Bangkok's city government, headed by the opposition, urged residents in seven northern districts to move belongings to safe places because of likely flooding. The warning came days after some officials had indicated the worst threat had passed. Meanwhile, flooding in areas directly north of the city worsened despite frantic government efforts to stave off the water.
The death toll in nationwide flooding is 317, mostly from drowning, with nearly 9 million people affected and 27 of the country's 77 provinces still inundated. Initial estimates of the economic cost of destroyed shops, paralyzed factories and swamped farmland were $3 billion, but have since been rising.
Floodwaters in northern areas began in August and have slowly crawled south toward the Gulf of Thailand, though the government has notched up the urgency of flood-control efforts only in the past two weeks.
"The government had said over and over again they were able to handle the situation, then what happened? It got flooded from there to here," said Puntip Susuntitapong, a 61-year-old retired banker in Bangkok.
Yingluck had no previous government experience when she came into power in August as the standard-bearer for the party aligned with her brother, Thaksin Shinawatra, who is a fugitive on corruption convictions but still widely popular.
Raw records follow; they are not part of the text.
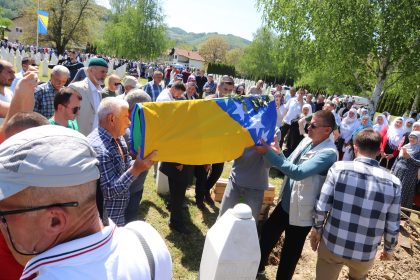 1205 bratunac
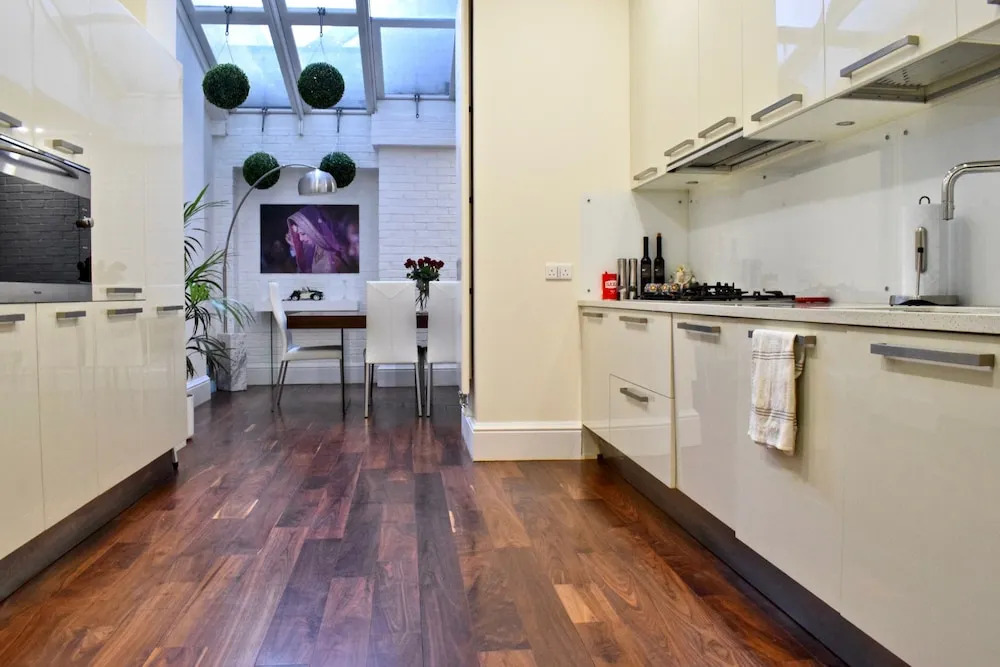 3 Bedroom Apartment in Kensington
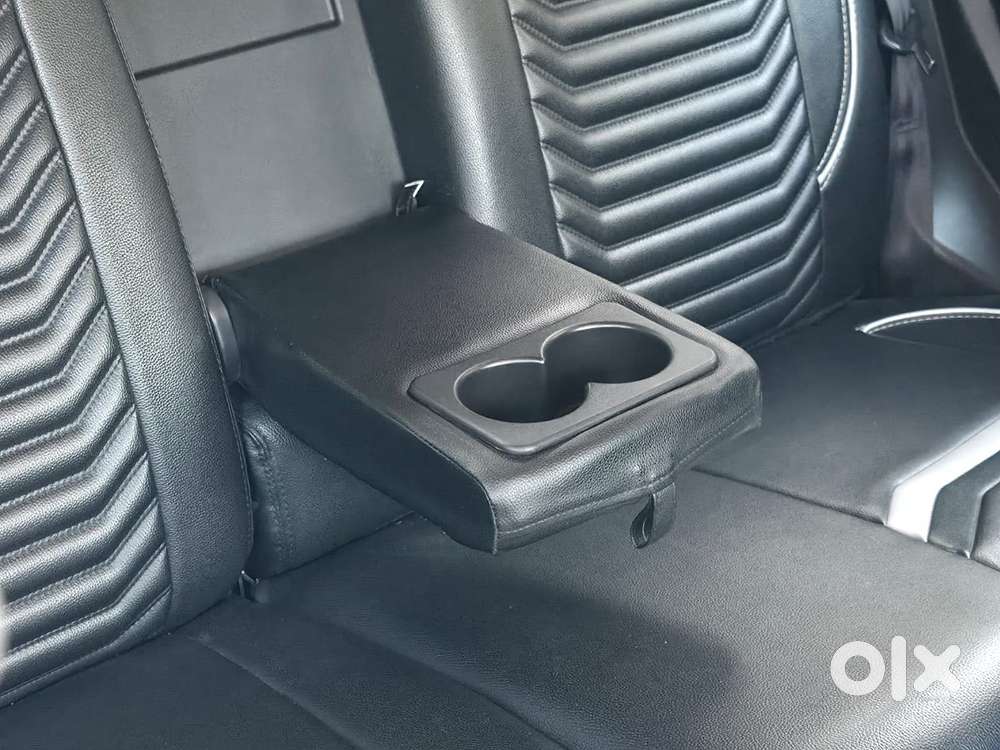Maruti Suzuki Vitara Brezza 1.5 Zxi, 2021, Petrol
A distraught Yingluck appealed Wednesday to reporters to stop asking whether Bangkok will be inundated.
"The more you ask questions like this, the less useful it is going to be," she said, adding that her role was to coordinate, not disseminate information. She said experts were more qualified than she to give information, and that her own personal views "might lead to lack of confidence and confusion among the people."
"We are telling the truth, not concealing anything from the people," she said. "We have been doing everything we can, but this is a big national crisis. On our own, we can't get it done. We need unity from every side, and today we must set politics aside."
The administration's low point in handling the floods may have been Oct. 13 when Science Minister Plodprasop Suraswadi issued a spur-of-the-moment order on live television to immediately evacuate an area north of Bangkok. Within 20 minutes, he and his colleagues from the government's flood emergency team were back on the air to rescind the order.
"I'm confused every time I hear the warning from the government," said Somjai Dokkam, a 51-year-old female recycling worker in Bang Kradee, north of Bangkok, whose house was flooded Wednesday morning.
Adding to the discontinuity in the public message have been the discrepancies between Yingluck's government and that of Bangkok Governor Sukhumbhand Paribatra, who belongs to a rival party.
Sukhumbhand has consistently said Bangkok will likely face flooding even as Yingluck's government has expressed confidence that the city's defenses will hold up. The governor mobilized droves of citizens to build sand-bag levees Tuesday, saying flooding in many neighborhoods was otherwise imminent.
The city so far has escaped substantial flooding, thanks to dikes, underground tunnels and other defenses, though floodwaters have been seeping into some northern neighborhoods.
In Bang Kradee, 49-year-old Prasit Thamnita, a worker at Thammasat University, said the best approach was to simply rely on his own judgement.
"I've lived here my whole life, so I knew the water was definitely coming. The government doesn't know better than the locals," he said. "I only rely on myself and the local municipality for any news about the water," he said.
Elsewhere in Bang Kradee, defenders were making a last stand at an industrial park threatening to become the sixth major one in Thailand to be swamped.
Flooding of five other industrial parks north of Bangkok has idled hundreds of factories and about 200,000 workers while disrupting regional supply chains for computer hard drives and automobiles.